The Justice Department is expected to take a look, but will ultimately approve it, most likely.
My first thought was, as with the proposed AT&T-TMobile merger, was that the administration would put a stop to it one way or another. But I thought Matt Yglesias made a great point on Twitter:
Worrying that mergers will reduce cable competition seems like multiplying zero by larger numbers.
— Matt Yglesias (@mattyglesias) February 13, 2014
From company-to-consumer, our choices were limited to one before and they will be limited to one if this happens. The only immediate difference from our end is that more people will be limited to Comcast and nobody will be limited to TWC. Customers could actually benefit. When I was in Arapaho, our cable company was bought out twice and each company offered better prices than the last for Internet (more on the cable vs ISP distinction in a minute). One of the real cost-drivers for cable TV are the negotiations with the channels. Since there is competition for cable in the form of satellite, that has always given the networks more leverage than the cable companies. Networks tend to win these battles. CBS recently smacked around TWC. This is probably not good for consumers, especially those that (unlike myself) favor a la carte programming and complain about having to pay for channels they don’t want to watch. One of the things the networks bargain for against the cable companies is the inclusion of more of their channels (and the subscriber fees to match).
If this does give Comcast more leverage than Comcast and TWC had previously, it could be a win for consumers. Further, most of the bigger concerns about Comcast – that they own NBC and were not only carriers of other networks but competition – were at least theoretically dealt with in the previous round of negotiations when Comcast purchased NBC.
What has me concerned, however, is the Internet side of things. Yet Yglesias’s Multiply By Zero also applies there as well. The primary concern I would have is that Comcast is in a better position to set itself up for direct competition than Time-Warner was, but I’m not sure if that holds water. Comcast+TWC still doesn’t have enough market position to easily challenge Netflix and Amazon to the point of throttling them, and they’re legally prohibited from doing so as a condition of the Comcast-NBC merger (despite the recent Net Neutrality reason that would otherwise apply).
To be clear, for a variety of reasons, the Internet in the US tends to be slower than in other countries and Comcast already does particularly poorly when it comes to Netflix. Also, the legal prohibition will run out, at which point it’s unclear in what ways Comcast would be able to use its new market advantage. And yet Comcast customers presently enjoy Net Neutrality rights that TWC customers don’t, as a result of letting a previous merger go through. It seems that more concessions could be called for this time around, benefiting consumers more.
Comcast is not promising to lower prices or slow the rate at which prices increase, though my parsing of the statement means “than it has been in the past” rather than “than if this doesn’t happen.”
My rather strong inclination here is to oppose the merger. Perhaps as a reaction to and rejection of the degree of consolidation we’ve seen thus far.

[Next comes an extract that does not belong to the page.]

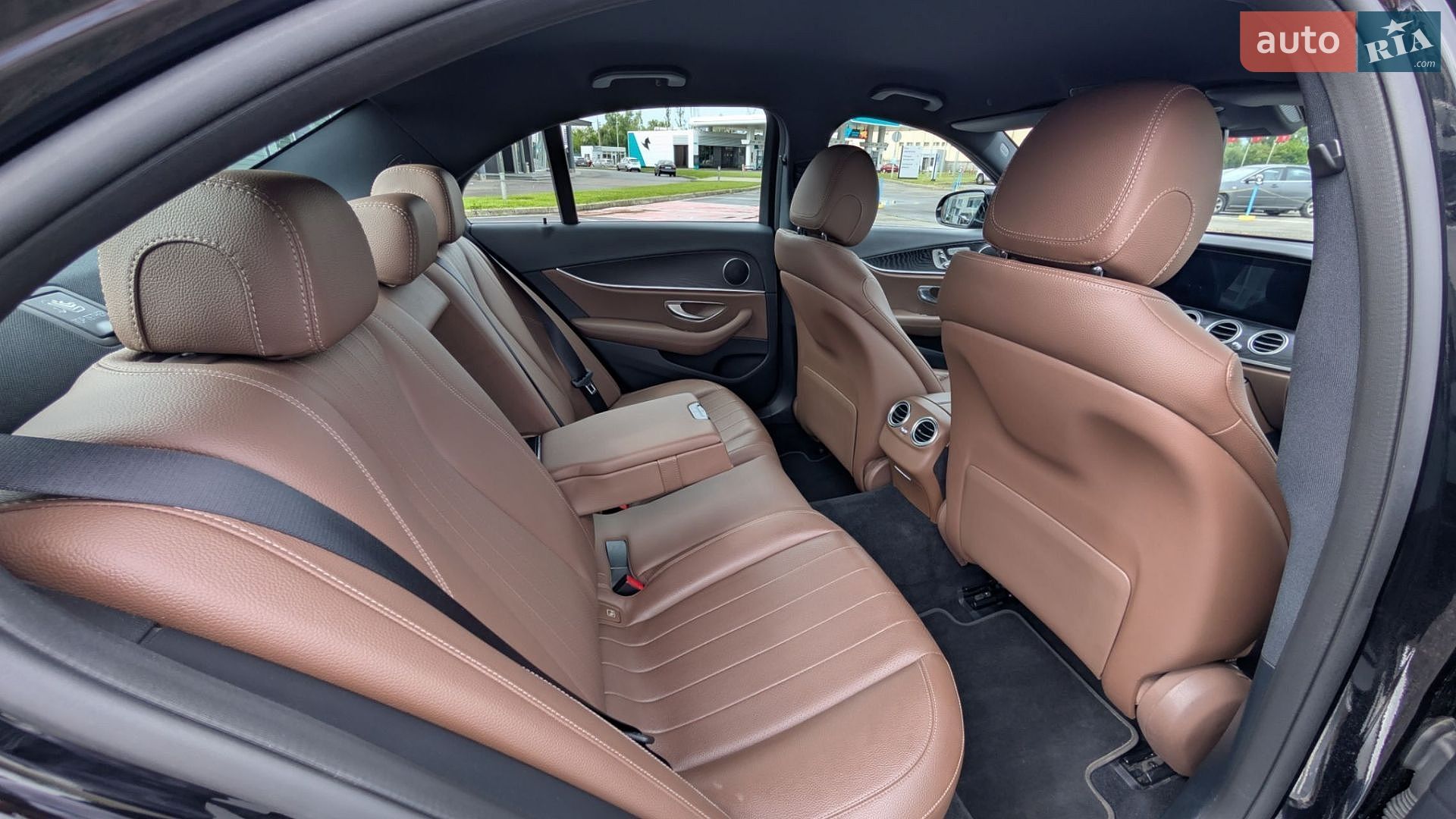 Mercedes-Benz E-Class 2019 VIN WDD2130431A688918 фото оголошення 10 з 17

Local cable and ISP’s don’t operate in a free market, which means that we’re not going to see the benefits that sometimes come with consolidation… but also means that – unlike with AT&T and TMobile – the costs aren’t the same, either. So after my initial “Ack!” response, I’m coming up short on reasons why this particular consolidation should seem particularly troublesome. I just hope the feds can negotiate some goodies, if they let it go through.
One potential benefit:
With one mega-cable-distributor, the move from pre-programed content to on-demand content may speed. Or rather the shift from subscription to product selection for viewing.
This, of course, may potentially put a ding in the plethora of cable viewing options that few bother to watch.Report
True, though (and this cuts both ways into the argument) Comcast’s and TWC’s combined marketshare is actually considerably less than I would have figured.Report
I am typically very anti-merger since they typically reduce competition, but if Comcast and Time Warner don’t compete in any markets, it’s hard to see how it would.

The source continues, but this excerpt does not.